Hundreds remain unaccounted for.
"We will continue with rescue efforts today but it's very difficult, the conditions are very difficult. Dozens of people are dead. It could be higher," a senior official told Reuters over the phone.
South Korean President Moon Jae-in also ordered measures including an emergency relief team to help victims of the collapse on Wednesday, 25 July.
The English-language Vientiane Times, citing district governor Bounhom Phommasane, said more than 3,000 people "require rescue" and about 2,851 people have been saved.
It showed pictures of villagers wading through muddy flood waters carrying belongings. Others boarded rickety wooden boats or stood on the roofs of submerged houses.
Officials have brought boats to help evacuate people in San Sai district of Attapeu province, where the Xepian-Xe Nam Noy hydropower dam is located, as water levels rise after the collapse, ABC Laos news reported.
The company building the dam said heavy rain and flooding caused the collapse and it was cooperating with the Laos government to help rescue villagers near the dam.
"We are running an emergency team and planning to help evacuate and rescue residents in villages near the dam," a SK Engineering & Construction spokesman told Reuters by telephone.
A video posted by the ABC Laos news on its Facebook page showed villagers stopping to watch fast-flowing water from the side of a river bank.
Prime Minister Thongloun Sisoulith has suspended government meetings and led Cabinet members to monitor rescue and relief efforts in one of the affected areas, the state agency reported.

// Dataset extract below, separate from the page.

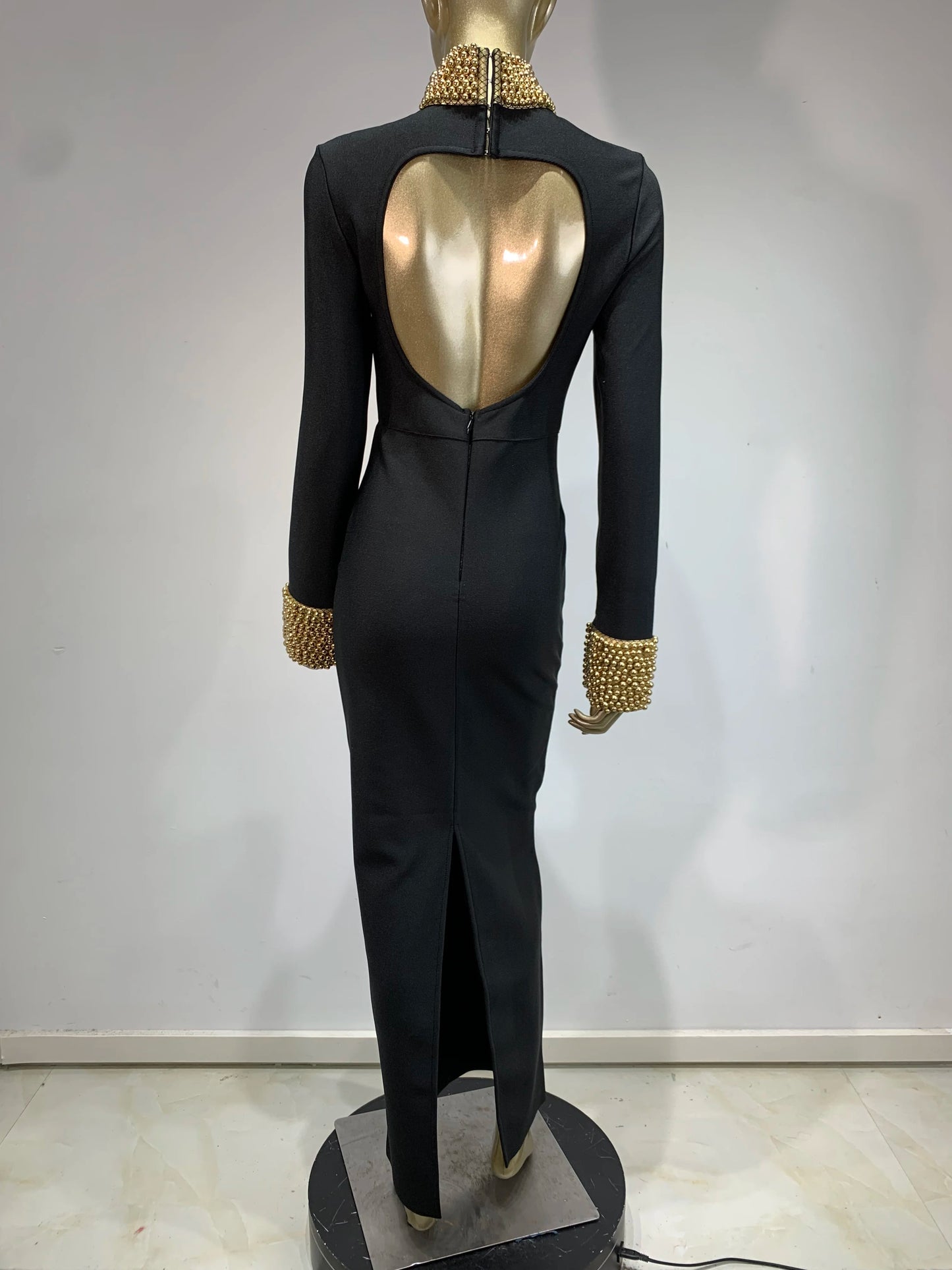 Long Sleeve Embellished Backless Maxi Dress Black HV1739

Communist Laos, one of Asia's poorest and most secretive countries, is land-locked and aims to become the "battery of Asia" by selling power to its neighbours through a series of hydropower dams.
Environmental rights groups have for years raised concerns about Laos' hydropower ambitions, including worries over the impact of dams on the Mekong River, its flora and fauna and the rural communities and local economies that depend on it.
The collapsed dam was expected to start commercial operations by 2019 and export 90 percent of its power to Thailand under a Power Purchase Agreement between the Xe-Pian-Xe Namnoy Power Company (PNPC) and the Electricity Generating Authority of Thailand (EGAT).
The remaining 10 percent of power would be sold to the local grid under an agreement between the PNPC and the Electricite du Laos.
PNPC was established in 2012 by SK Engineering & Construction Co., Ltd. (SK E&C), Korea Western Power Co., Ltd. (KOWEPO), Ratchaburi Electricity Generating Holding Pcl, Thailand's largest private power producer, and Lao Holding State Enterprise (LHSE).
Ratchburi Electricity Generating Holding Company said in a statement the dam, which it referred to as 'Saddle Dam D', was eight metres (26 feet) wide, 770 metres (2,526 feet) long and 16 metres (52 feet) high.
The dam "was fractured and the water had leaked to the downstreat area and down to the Xe-Pian River which is about five kilometres from the dam," said Kijja Sripatthangkura, Chief Executive Officer of Ratchaburi Electricity Generating Holding Company.
"Unpredictable and extreme weather events are becoming more frequent in Laos and the region due to climate change," International Rivers told Reuters in an e-mail.
"This also shows the inadequacy of warning systems for the dam construction and operations. The warning appeared to come very late and was ineffective in ensuring people had advance notice to ensure their safety and that of their families," the group said.
Ian Baird, associate professor of geography at University of Wisconsin-Madison and a Laos expert, said the collapse of the subsidiary dam was unlikely to affect others in the project, but added that the dam can't be fixed until the dry season.
"I don't think its going to affect the other dams," Baird told Reuters in a telephone interview.
"The water's all out of the reservoir now and the water levels are already going down but I don't think they'll be able to fix it until the dry season," he said.
The remoteness of the affected area and damage to roads and bridges will make it very difficult to reach those still stranded, he said.